ATLANTA — Disaster recovery officials urge recipients of federal grants to keep receipts and other documentation for at least three years as proof the funds were spent as intended.
More than $53.2 million in disaster recovery grants was distributed by the Georgia Emergency Management Agency (GEMA) and the Federal Emergency Management Agency (FEMA) following the September storms and floods.
“Those approved for federal grants received a helping hand from taxpayers,” said GEMA Director Charley English. “So it’s important the grants are used wisely.”
Upon releasing the funds by direct deposit or check, FEMA sent every recipient a letter providing important information about the grant and outlining how the money can be spent.
“The grants are for repairs, temporary housing and other approved disaster-related costs,” said Gracia Szczech, head of FEMA flood recovery in Georgia. “Call FEMA’s Helpline if you have any questions.”
Applicants also should update addresses and phone numbers by calling 800-621-FEMA (3362),
TTY 800-462-7585. Otherwise, they may miss important correspondence or telephone calls regarding their payments or applications for assistance.
Housing funds may be used for:
- Repairs to return the home to a safe and functional condition: These may include repairs to windows, doors, water and ventilation systems, or other structural parts of a home;
- Reimbursement for lodging expenses directly related to the disaster: Receipts for these expenses will be requested if the home sustained damages; and,
- Rental assistance: Applicants who must remain in temporary housing for a longer period than the initial assistance covers may request more assistance until their home can be re-occupied or other permanent housing arrangements can be made.
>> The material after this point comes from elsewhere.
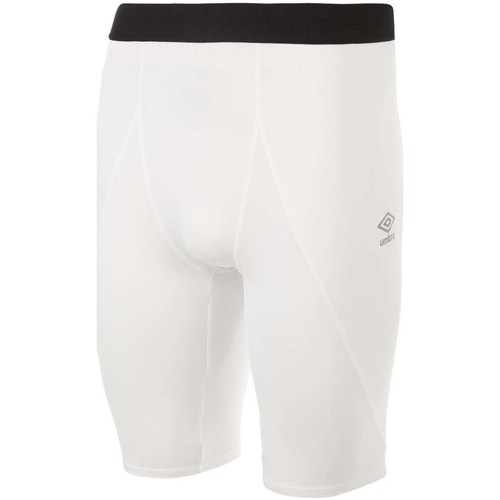 textil Hombre Shorts / Bermudas Umbro Player Elite Power Blanco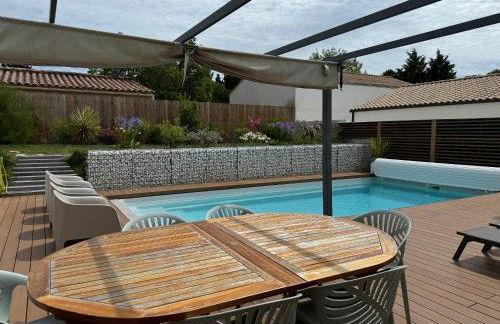 Élégante maison avec piscine - Foto 5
Other Needs Assistance funds may be used for:
- Personal property, specialized tools for employment, household items, appliances, and vehicle repair or replacement;
- Medical, dental and funeral expenses; and,
- Moving expenses.
Recipients are required to sign a declaration and a release certifying that all funds will be spent on the expenses for which they are intended.
By law, FEMA grants, which are taxpayer dollars, cannot duplicate payments from other sources. For example, if a grant recipient receives an insurance settlement covering expenses already paid for by FEMA, those funds must be reimbursed to FEMA.